_DESCRIPTION OF THE TASK_
Reproduce the entries below exactly, but only from the line containing "JOHN COLTRANE - The" to the line containing "Burpees Not Lovemees", inclusive.

_AVAILABLE RECORDS_

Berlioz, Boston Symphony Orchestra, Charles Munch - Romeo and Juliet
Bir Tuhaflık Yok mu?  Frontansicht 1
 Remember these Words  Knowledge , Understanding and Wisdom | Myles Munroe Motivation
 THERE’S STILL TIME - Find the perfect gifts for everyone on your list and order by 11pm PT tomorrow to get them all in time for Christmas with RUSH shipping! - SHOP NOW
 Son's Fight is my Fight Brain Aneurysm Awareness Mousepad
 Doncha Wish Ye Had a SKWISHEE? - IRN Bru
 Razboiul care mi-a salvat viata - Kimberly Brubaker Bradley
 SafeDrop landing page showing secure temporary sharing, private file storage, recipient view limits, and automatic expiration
==
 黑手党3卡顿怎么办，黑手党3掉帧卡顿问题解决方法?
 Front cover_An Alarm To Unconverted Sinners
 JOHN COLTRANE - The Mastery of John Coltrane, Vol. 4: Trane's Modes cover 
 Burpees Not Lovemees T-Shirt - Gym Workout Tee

_ANSWER SECTION_
 JOHN COLTRANE - The Mastery of John Coltrane, Vol. 4: Trane's Modes cover 
 Burpees Not Lovemees T-Shirt - Gym Workout Tee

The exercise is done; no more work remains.